The New Theory of E-Commerce Relativity

When does 10 percent growth for consumer e-commerce beat the old days of 100 percent growth? When the 10 percent growth comes amid an overall slowdown in consumer spending.

That’s exactly what seems to have happened in November. E-commerce put a 10 percent increase on the board. A bit disappointing to many people, especially in light of the strong numbers being posted throughout 2001, but an increase all the same.

Ask a few traditional retailers how they would have felt about 10 percent growth in that same time frame and you’ll start to see why it’s all relative and why e-commerce has to learn that less is sometimes more.

Not That Bad

In fact, the U.S. government now says consumer spending fell 3 percent in November from October, the largest decrease on record since the early 1990s. Even when a drag factor from sagging car sales is taken out, transactions were up just a fraction of a percent. Over the same time frame, e-tail sales rose 14 percent.

Now, these types of comparisons are unfair in many ways. E-commerce is still a young and growing industry — it wasn’t that long ago that 300 percent growth rates were met with little more than a yawn of recognition.

New Economic Order

But the numbers are one thing and the underlying trends are something else. What they show is that this is the time when as an industry, e-commerce has to learn to do without many of the perks it has enjoyed so far. That means doing without grandiose growth rates. Without the first-love blush of technological novelty. And for the first time in its young life, without a rapidly expanding economy on which to ride.

In other words, everything’s changed.

For some companies, change happened too fast, or they reacted too slowly. Others will find a way to make do. Those will be the companies that our children shop at from their wireless headset mini-computers. They will be the ones whose names everyone will remember, not the answers to trivia questions on Jeopardy in 2020.

Back to the Future

By then, the holiday season we’re picking our way through now will either be an historical anomaly or the start of a new era. An era when companies plying the e-commerce trade learned to make it on their own merits.

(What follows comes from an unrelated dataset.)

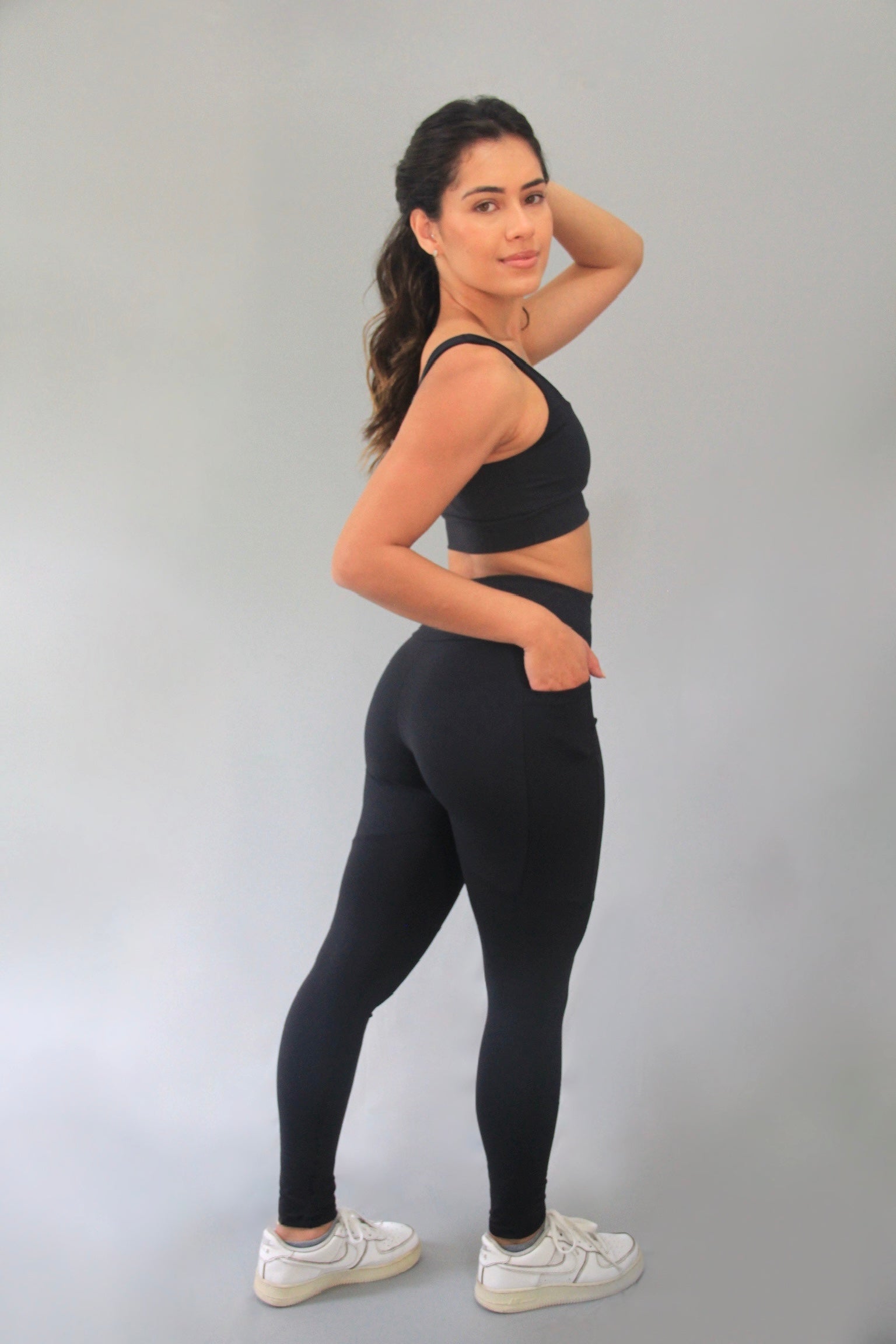 Legging Pure Comfort Com Bolsos Laterais Preta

Before then, however, there will be much hand-wringing and breath-holding. There will be anxious moments galore in January as the overall spending numbers start to trickle in. Nail-biting will be de rigeur again just after Groundhog Day in February, as Amazon and others start to report their quarterly earnings.

The Envelope Please

And sometime after that, the dust will settle and we’ll start to understand whether e-commerce can find a warm, dry place for itself in the new world, a world of vastly lowered expectations, nervous consumers and a general lack of buzz about technology.

Forecasters are already getting nervous. The November results threw them for a loop. Ten percent is in line with some predictions for the overall season, but given all the efforts made to get shoppers online early, the numbers simply should have been better.

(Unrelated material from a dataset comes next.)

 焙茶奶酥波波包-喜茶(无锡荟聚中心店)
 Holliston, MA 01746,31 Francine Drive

But maybe it’s time to throw the comparisons out the window. There is some sport in watching week-to-week and month-to-month growth, or lack of it. It makes good conversation fodder.

A New Era

But it’s about time for e-commerce to declare a new era. The measurements of the old one were all about growth and audience. The new ones about the bottom line. The sheer volume numbers left much to be desired after all, and apparently discouraged sound customer service and attention to detail minor details — like actually getting products to a customer’s door.

The new paradigm should make those details the main thing. Getting it as right as possible for a smaller number of people is more important now that getting it half-right for twice as many. It’s a new day dawning for e-commerce. The yardsticks from yesterday don’t tell us quite as much as they once did.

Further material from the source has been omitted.